Mohite Omkar S, Jørgensen Tue S, Booth Thomas J, Charusanti Pep, Phaneuf Patrick V, Weber Tilmann, Palsson Bernhard O
The Novo Nordisk Foundation Center for Biosustainability, Technical University of Denmark, Kongens Lyngby, 2800, Denmark.
Department of Bioengineering, University of California San Diego, La Jolla, CA, 92093, USA.
Genome Biol. 2025 Jan 14;26(1):9. doi: 10.1186/s13059-024-03471-9.
Streptomyces is a highly diverse genus known for the production of secondary or specialized metabolites with a wide range of applications in the medical and agricultural industries. Several thousand complete or nearly complete Streptomyces genome sequences are now available, affording the opportunity to deeply investigate the biosynthetic potential within these organisms and to advance natural product discovery initiatives.
We perform pangenome analysis on 2371 Streptomyces genomes, including approximately 1200 complete assemblies. Employing a data-driven approach based on genome similarities, the Streptomyces genus was classified into 7 primary and 42 secondary Mash-clusters, forming the basis for comprehensive pangenome mining. A refined workflow for grouping biosynthetic gene clusters (BGCs) redefines their diversity across different Mash-clusters. This workflow also reassigns 2729 known BGC families to only 440 families, a reduction caused by inaccuracies in BGC boundary detections. When the genomic location of BGCs is included in the analysis, a conserved genomic structure, or synteny, among BGCs becomes apparent within species and Mash-clusters. This synteny suggests that vertical inheritance is a major factor in the diversification of BGCs.

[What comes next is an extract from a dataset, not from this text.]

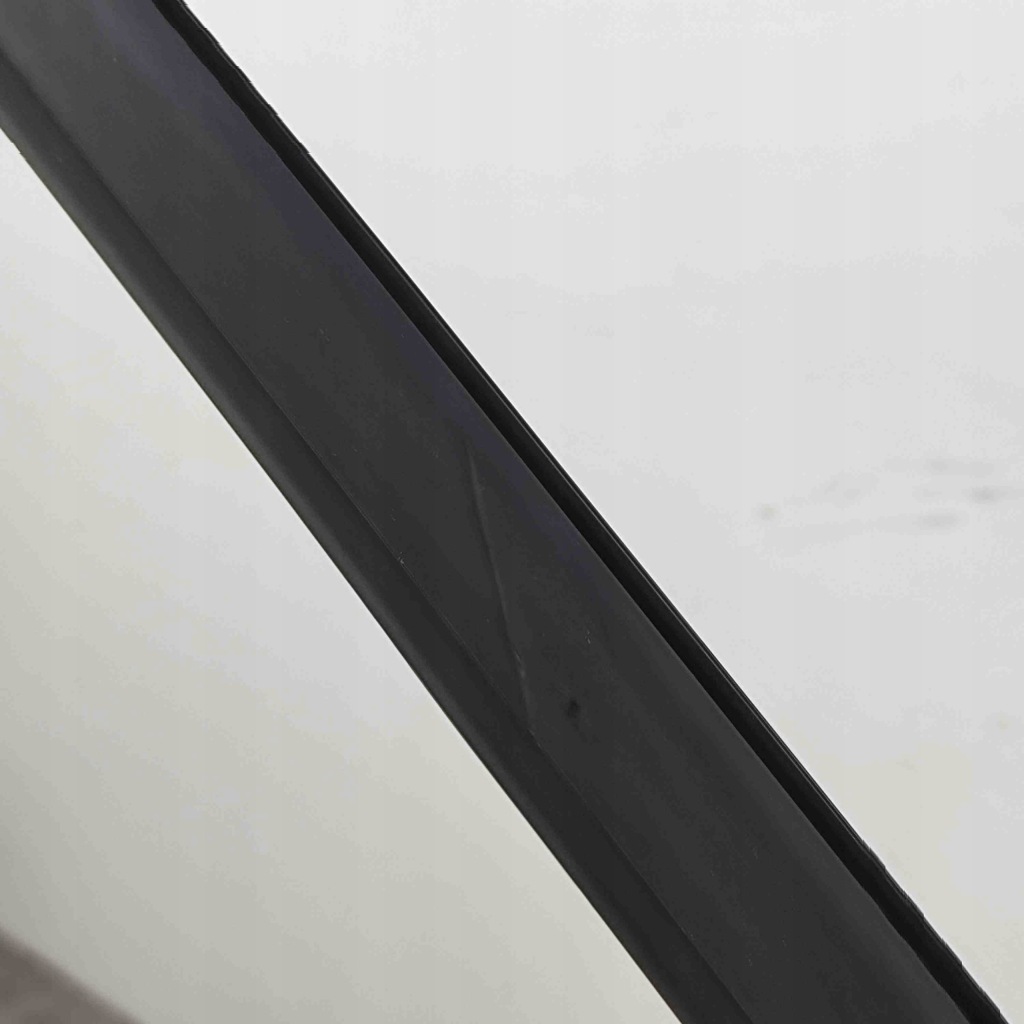 фото №8, Молдинг кровельная правая bmw i3 i01 7453552 26837474 125kw 2018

Our analysis of a genomic dataset at a scale of thousands of genomes refines predictions of BGC diversity using Mash-clusters as a basis for pangenome analysis. The observed conservation in the order of BGCs' genomic locations shows that the BGCs are vertically inherited. The presented workflow and the in-depth analysis pave the way for large-scale pangenome investigations and enhance our understanding of the biosynthetic potential of the Streptomyces genus.
链霉菌属是一个高度多样化的属,以产生次生或特殊代谢产物而闻名,这些代谢产物在医药和农业产业中有广泛应用。目前已有数千个完整或近乎完整的链霉菌基因组序列,这为深入研究这些生物体的生物合成潜力以及推进天然产物发现计划提供了机会。
我们对2371个链霉菌基因组进行了泛基因组分析,其中包括约1200个完整组装体。采用基于基因组相似性的数据驱动方法,将链霉菌属分为7个主要的和42个次要的Mash簇,形成了全面泛基因组挖掘的基础。一种用于对生物合成基因簇(BGC)进行分组的优化工作流程重新定义了它们在不同Mash簇中的多样性。该工作流程还将2729个已知的BGC家族重新归类为仅440个家族,这种减少是由BGC边界检测不准确导致的。当在分析中纳入BGC的基因组位置时,BGC之间保守的基因组结构,即共线性,在物种和Mash簇中变得明显。这种共线性表明垂直遗传是BGC多样化的一个主要因素。
我们对数千个基因组规模的基因组数据集的分析,以Mash簇作为泛基因组分析的基础,完善了对BGC多样性的预测。观察到的BGC基因组位置顺序的保守性表明BGC是垂直遗传的。所提出的工作流程和深入分析为大规模泛基因组研究铺平了道路,并增强了我们对链霉菌属生物合成潜力的理解。